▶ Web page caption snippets

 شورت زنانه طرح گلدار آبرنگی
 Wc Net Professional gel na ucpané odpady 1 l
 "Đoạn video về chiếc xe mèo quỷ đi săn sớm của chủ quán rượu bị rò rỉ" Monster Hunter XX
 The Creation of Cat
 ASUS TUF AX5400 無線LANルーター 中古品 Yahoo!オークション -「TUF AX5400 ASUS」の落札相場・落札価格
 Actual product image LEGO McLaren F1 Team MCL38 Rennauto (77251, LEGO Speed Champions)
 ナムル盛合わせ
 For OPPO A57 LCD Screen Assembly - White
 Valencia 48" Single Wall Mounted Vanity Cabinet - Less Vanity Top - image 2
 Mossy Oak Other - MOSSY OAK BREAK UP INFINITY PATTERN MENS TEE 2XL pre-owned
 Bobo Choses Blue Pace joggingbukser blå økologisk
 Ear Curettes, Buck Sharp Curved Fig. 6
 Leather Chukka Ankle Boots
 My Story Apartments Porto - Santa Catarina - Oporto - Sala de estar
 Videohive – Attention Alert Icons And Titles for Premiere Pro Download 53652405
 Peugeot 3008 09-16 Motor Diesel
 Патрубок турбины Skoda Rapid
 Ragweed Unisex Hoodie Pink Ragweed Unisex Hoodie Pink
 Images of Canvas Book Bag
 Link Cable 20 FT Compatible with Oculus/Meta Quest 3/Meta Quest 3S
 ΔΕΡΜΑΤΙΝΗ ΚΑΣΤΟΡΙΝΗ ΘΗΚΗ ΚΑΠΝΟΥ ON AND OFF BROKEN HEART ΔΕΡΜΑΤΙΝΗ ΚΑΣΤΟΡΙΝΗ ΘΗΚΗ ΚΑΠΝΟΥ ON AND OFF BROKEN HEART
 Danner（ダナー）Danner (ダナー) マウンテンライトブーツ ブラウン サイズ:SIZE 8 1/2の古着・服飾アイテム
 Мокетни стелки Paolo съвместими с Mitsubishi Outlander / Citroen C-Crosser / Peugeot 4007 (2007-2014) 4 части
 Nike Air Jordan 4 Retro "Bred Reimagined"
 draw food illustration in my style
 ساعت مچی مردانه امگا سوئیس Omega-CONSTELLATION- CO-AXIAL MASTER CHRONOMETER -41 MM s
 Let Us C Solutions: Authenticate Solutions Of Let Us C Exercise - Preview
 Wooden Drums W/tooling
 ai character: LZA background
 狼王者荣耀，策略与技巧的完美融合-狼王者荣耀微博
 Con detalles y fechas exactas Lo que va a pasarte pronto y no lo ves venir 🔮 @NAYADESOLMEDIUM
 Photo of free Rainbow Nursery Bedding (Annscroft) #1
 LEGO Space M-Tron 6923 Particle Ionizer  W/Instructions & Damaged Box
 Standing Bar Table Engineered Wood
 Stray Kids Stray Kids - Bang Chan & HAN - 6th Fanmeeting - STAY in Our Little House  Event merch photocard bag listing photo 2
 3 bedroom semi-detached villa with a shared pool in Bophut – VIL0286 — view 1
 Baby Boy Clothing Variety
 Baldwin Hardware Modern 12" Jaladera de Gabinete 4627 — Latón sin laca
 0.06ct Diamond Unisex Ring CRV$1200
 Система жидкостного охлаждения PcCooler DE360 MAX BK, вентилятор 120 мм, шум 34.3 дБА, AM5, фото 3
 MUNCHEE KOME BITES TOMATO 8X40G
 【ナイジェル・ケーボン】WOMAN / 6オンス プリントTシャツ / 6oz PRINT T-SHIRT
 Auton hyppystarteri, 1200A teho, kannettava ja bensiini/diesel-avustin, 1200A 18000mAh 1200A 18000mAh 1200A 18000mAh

▶ Work to complete
Copy out each line of the data above, exactly, if it lies between the line holding "Mossy Oak Other" and the line holding "Baby Boy Clothing Variety", inclusive; copy no other line.

▶ Exercise result
 Mossy Oak Other - MOSSY OAK BREAK UP INFINITY PATTERN MENS TEE 2XL pre-owned
 Bobo Choses Blue Pace joggingbukser blå økologisk
 Ear Curettes, Buck Sharp Curved Fig. 6
 Leather Chukka Ankle Boots
 My Story Apartments Porto - Santa Catarina - Oporto - Sala de estar
 Videohive – Attention Alert Icons And Titles for Premiere Pro Download 53652405
 Peugeot 3008 09-16 Motor Diesel
 Патрубок турбины Skoda Rapid
 Ragweed Unisex Hoodie Pink Ragweed Unisex Hoodie Pink
 Images of Canvas Book Bag
 Link Cable 20 FT Compatible with Oculus/Meta Quest 3/Meta Quest 3S
 ΔΕΡΜΑΤΙΝΗ ΚΑΣΤΟΡΙΝΗ ΘΗΚΗ ΚΑΠΝΟΥ ON AND OFF BROKEN HEART ΔΕΡΜΑΤΙΝΗ ΚΑΣΤΟΡΙΝΗ ΘΗΚΗ ΚΑΠΝΟΥ ON AND OFF BROKEN HEART
 Danner（ダナー）Danner (ダナー) マウンテンライトブーツ ブラウン サイズ:SIZE 8 1/2の古着・服飾アイテム
 Мокетни стелки Paolo съвместими с Mitsubishi Outlander / Citroen C-Crosser / Peugeot 4007 (2007-2014) 4 части
 Nike Air Jordan 4 Retro "Bred Reimagined"
 draw food illustration in my style
 ساعت مچی مردانه امگا سوئیس Omega-CONSTELLATION- CO-AXIAL MASTER CHRONOMETER -41 MM s
 Let Us C Solutions: Authenticate Solutions Of Let Us C Exercise - Preview
 Wooden Drums W/tooling
 ai character: LZA background
 狼王者荣耀，策略与技巧的完美融合-狼王者荣耀微博
 Con detalles y fechas exactas Lo que va a pasarte pronto y no lo ves venir 🔮 @NAYADESOLMEDIUM
 Photo of free Rainbow Nursery Bedding (Annscroft) #1
 LEGO Space M-Tron 6923 Particle Ionizer  W/Instructions & Damaged Box
 Standing Bar Table Engineered Wood
 Stray Kids Stray Kids - Bang Chan & HAN - 6th Fanmeeting - STAY in Our Little House  Event merch photocard bag listing photo 2
 3 bedroom semi-detached villa with a shared pool in Bophut – VIL0286 — view 1
 Baby Boy Clothing Variety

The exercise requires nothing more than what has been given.